ビッグバン宇宙国際研究センターの坂井南美助教が日本天文学会研究奨励賞を受賞

 このたび、ビッグバン宇宙国際研究センターの坂井南美助教が、優れた研究成果を挙げ
ている若手天文学研究者に贈られる2012年度日本天文学会研究奨励賞(第24回)を受賞
されることになりました。受賞研究題目は、「低質量原始星天体における暖かい炭素鎖化
学の提唱とその進展」です。

 坂井助教は、国立天文台野辺山観測所の45 m電波望遠鏡をはじめとする国内外の大口径
電波望遠鏡を用いて低質量原始星天体の化学組成を観測的に研究し、炭素鎖分子とその負
イオンが特異的に豊富な天体、おうし座のL1527、を発見しました。それまで、アルコー
ルやエステルのような飽和有機分子が低質量原始星近傍に存在することが知られていまし
たが、炭素鎖分子に恵まれる天体の発見は大きな驚きでした。坂井助教は、その原因とし
て、「星間塵に含まれるメタンが星形成近傍で蒸発して炭素が豊富な状態を作り、炭素鎖分
子を効率的に生成する」というメカニズムを提案しました。これが「暖かい炭素鎖化学」
です。この提案はすぐに化学モデル計算で確認され、また、坂井助教自身のその後の観測
的研究によって次々と強められ、新しい化学過程として確立しました。
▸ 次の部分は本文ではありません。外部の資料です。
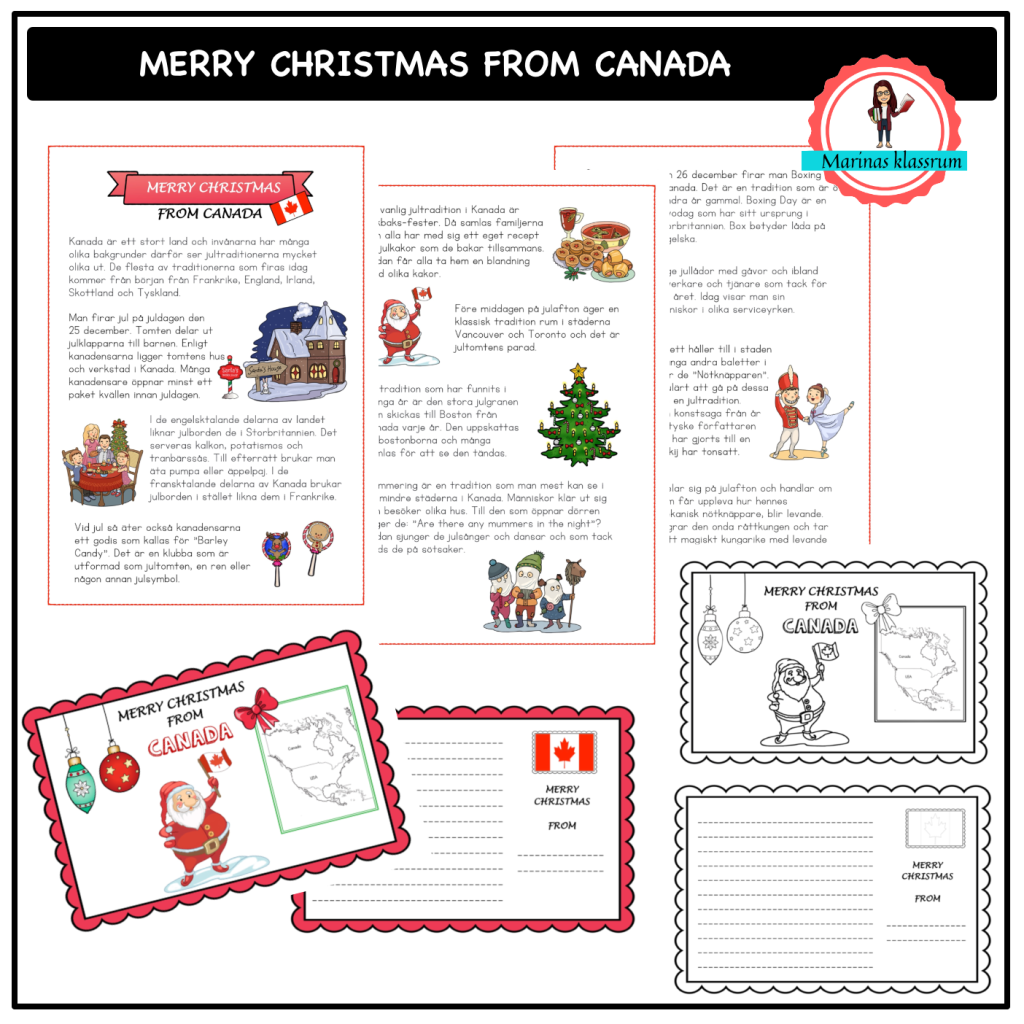 Merry Christmas from Canada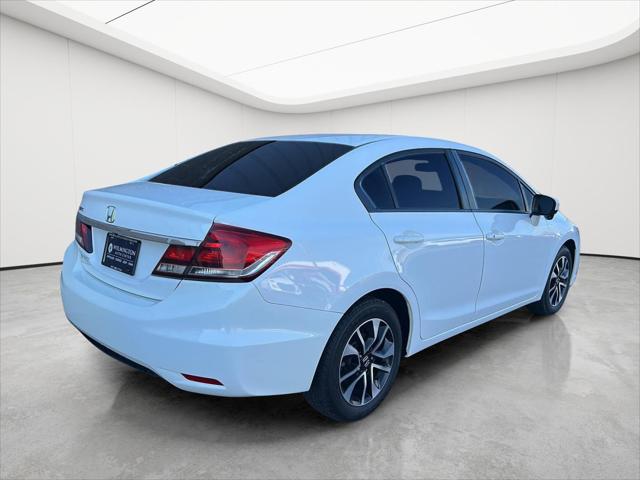 Used 2015 Honda Civic EX For Sale in Wilmington, OH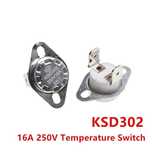 Керамический термопредохранитель термостат, термореле KSD302 / KSD301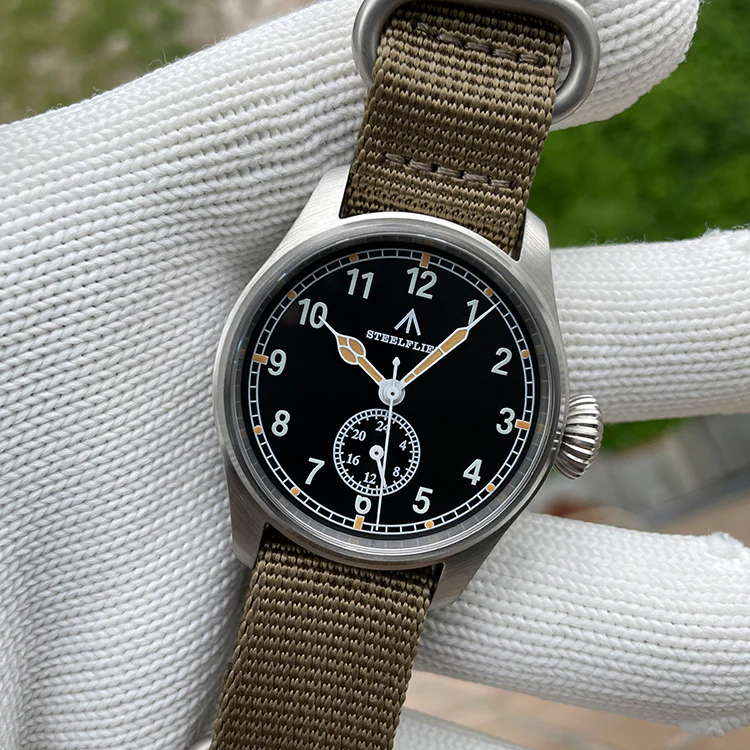 Steelflier VH60 Quartz Field Watch SF746 - Image 4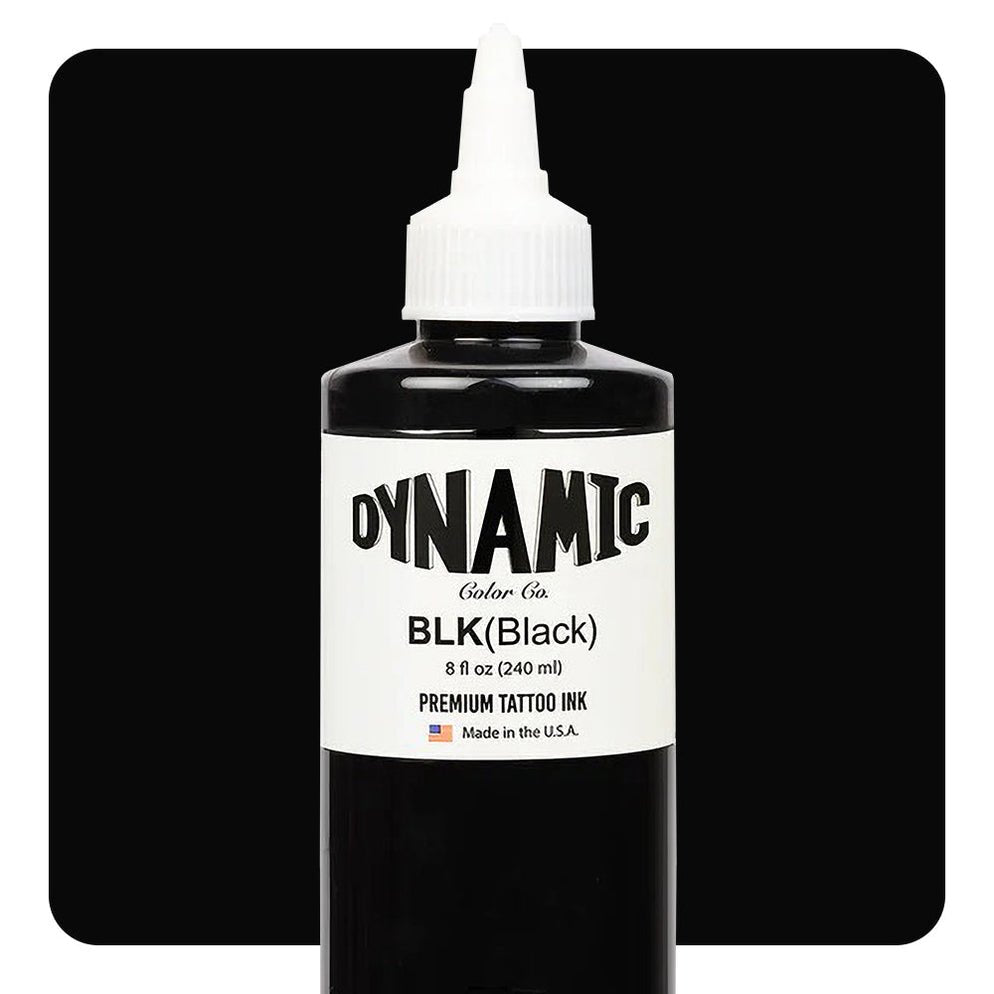 Tattoo Inks - Black Silk Ink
これにより、物理
的に同じように見える原始星天体でも、化学組成が大きく異なり得ることがはじめて示さ
れました。このような化学組成の多様性は、過去の星形成過程の履歴を反映しているもの
と考えられ、星形成過程の理解に新しい視点を提供するものです。さらに、その多様性が
惑星系にどのようにもたらされるかについて大きな興味が持たれます。坂井助教の研究は、
今後、ALMA(チリに建設中に大型ミリ波サブミリ波干渉計)による観測で大きく発展し、
ビッグバン宇宙国際研究センターのプロジェクトの柱である太陽系惑星および系外惑星の
物質的起源の理解につながっていくと期待されます。